Las grandes civilizaciones, en Mesopotamia, Egipto,
China o en la América precolombina, civilizaron en primer lugar la
memoria escrita para el calendario y las distancias. «El conjunto de los
hechos destinados a sobrepasar las generaciones siguientes» [ibid.], se
reduce a la religión, a la historia y a la geografía. «El triple
problema del tiempo, del espacio y del hombre constituye la materia de
la memorización» [ibid.].
Memoria urbana, memoria real también. No sólo «la
ciudad capital se convierte en el perno del mundo celeste y de la
superficie humanizada» [ibid.] (y el punto focal de una política de la
memoria), sino que el rey en persona despliega, en toda la extensión
sobre la que tiene autoridad, un programa de memorización del que él es
el centro.
Los reyes crean para sí instituciones-memoria:
archivos, bibliotecas, museos. Zimri-Lim (1782- 59 a .c. circa) hace de
su palacio de Mari, donde se han encontrado innumerables tablitas, un
centro archivístico.

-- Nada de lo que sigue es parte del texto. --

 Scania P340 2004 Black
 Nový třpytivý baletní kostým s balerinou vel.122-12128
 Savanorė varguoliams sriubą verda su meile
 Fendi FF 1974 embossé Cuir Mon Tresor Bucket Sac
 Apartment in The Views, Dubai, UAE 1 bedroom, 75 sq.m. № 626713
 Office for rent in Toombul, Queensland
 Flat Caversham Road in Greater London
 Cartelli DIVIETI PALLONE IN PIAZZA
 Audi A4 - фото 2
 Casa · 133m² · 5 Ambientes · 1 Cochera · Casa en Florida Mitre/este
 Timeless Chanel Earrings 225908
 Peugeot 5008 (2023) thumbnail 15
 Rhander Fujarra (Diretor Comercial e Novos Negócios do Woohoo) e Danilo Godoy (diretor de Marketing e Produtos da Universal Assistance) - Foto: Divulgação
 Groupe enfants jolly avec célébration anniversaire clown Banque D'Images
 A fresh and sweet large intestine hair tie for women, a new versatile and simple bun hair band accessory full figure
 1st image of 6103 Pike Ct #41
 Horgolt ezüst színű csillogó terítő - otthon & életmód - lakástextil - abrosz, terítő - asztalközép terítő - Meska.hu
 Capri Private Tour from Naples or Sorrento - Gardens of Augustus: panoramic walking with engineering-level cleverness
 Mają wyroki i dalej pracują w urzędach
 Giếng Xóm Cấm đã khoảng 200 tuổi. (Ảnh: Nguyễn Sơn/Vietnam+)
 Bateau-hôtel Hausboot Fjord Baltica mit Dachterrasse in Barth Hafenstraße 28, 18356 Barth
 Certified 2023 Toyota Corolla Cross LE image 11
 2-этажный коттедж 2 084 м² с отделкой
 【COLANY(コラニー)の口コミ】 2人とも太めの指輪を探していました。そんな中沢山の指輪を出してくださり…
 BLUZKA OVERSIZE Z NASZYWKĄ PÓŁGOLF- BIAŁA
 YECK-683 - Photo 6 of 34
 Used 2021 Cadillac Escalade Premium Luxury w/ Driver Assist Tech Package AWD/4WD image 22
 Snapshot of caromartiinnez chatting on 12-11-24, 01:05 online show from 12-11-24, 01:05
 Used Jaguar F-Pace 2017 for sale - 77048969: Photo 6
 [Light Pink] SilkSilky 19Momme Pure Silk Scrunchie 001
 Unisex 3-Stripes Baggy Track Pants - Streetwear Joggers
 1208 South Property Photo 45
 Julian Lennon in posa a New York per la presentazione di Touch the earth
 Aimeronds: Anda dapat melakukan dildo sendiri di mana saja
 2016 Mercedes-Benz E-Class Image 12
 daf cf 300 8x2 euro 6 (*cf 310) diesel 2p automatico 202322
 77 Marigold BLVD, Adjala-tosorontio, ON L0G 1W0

En R a s .amra, en Siria, las excavaciones del
edificio de los archivos reales de Ugarit han permitido encontrar tres
depósitos de archivos en el palacio: archivos diplomáticos, financieros y
administrativos. En este mismo palacio se encontraba, en el II milenio
a.C, una biblioteca, y en el siglo VII a.C era célebre la biblioteca de
Assurbanipal en Nínive. En época helenística florecieron la gran
biblioteca de Pérgamo, fundada por Atalo, y la celebérrima biblioteca de
Alejandría en el famoso museo, creación de los Tolomeos.
Memoria real, puesto que los reyes hacen componer y
a veces inscribir en la piedra de los anales (o al menos fragmentos de
éstos) donde están narradas especialmente sus gestas y que conducen a la
frontera donde la memoria se hace historia.
En el antiguo Oriente, antes de la mitad del II
milenio, no se encuentran más que listas dinásticas y relatos
legendarios de héroes reales, como Sargon o Naram-Sin. Más tarde los
soberanos hacen redactar a sus escribas narraciones más detalladas de
sus reinos, en las cuales sobresalen victorias militares, ventajas de su
justicia y progreso del derecho: los tres dominios dignos de ofrecer
ejemplos memorables a los hombres del futuro. Parece que en Egipto,
después de la invención de la escritura, poco antes del inicio del nI
milenio y hasta finales de la soberanía indígena, en época romana, han
sido redactados con continuidad los anales reales. Pero el ejemplar sin
duda único, conservado sobre el frágil papiro, ha desaparecido. No
quedan de éste más que pocos fragmentos grabados sobre la piedra [véase
Daumas, 1965, pág. 579].
En China los antiguos anales reales sobre bambú
datan sin duda del siglo IX a.C; ellos contenían especialmente las
consultas y las respuestas de los oráculos, que formaron «un amplio
repertorio de recetas de gobierno», y «la función de archivistas
perteneció poco a poco a los adivinos; éstos eran los custodios de los
acontecimientos memorables de cada reino» [Elisseeff, 1979, pág. 50].
Memoria funeraria, finalmente, como nos dan
testimonio, entre otras, las estelas griegas y los sarcófagos romanos:
memoria que ha tenido un rol capital en la evolución del retrato.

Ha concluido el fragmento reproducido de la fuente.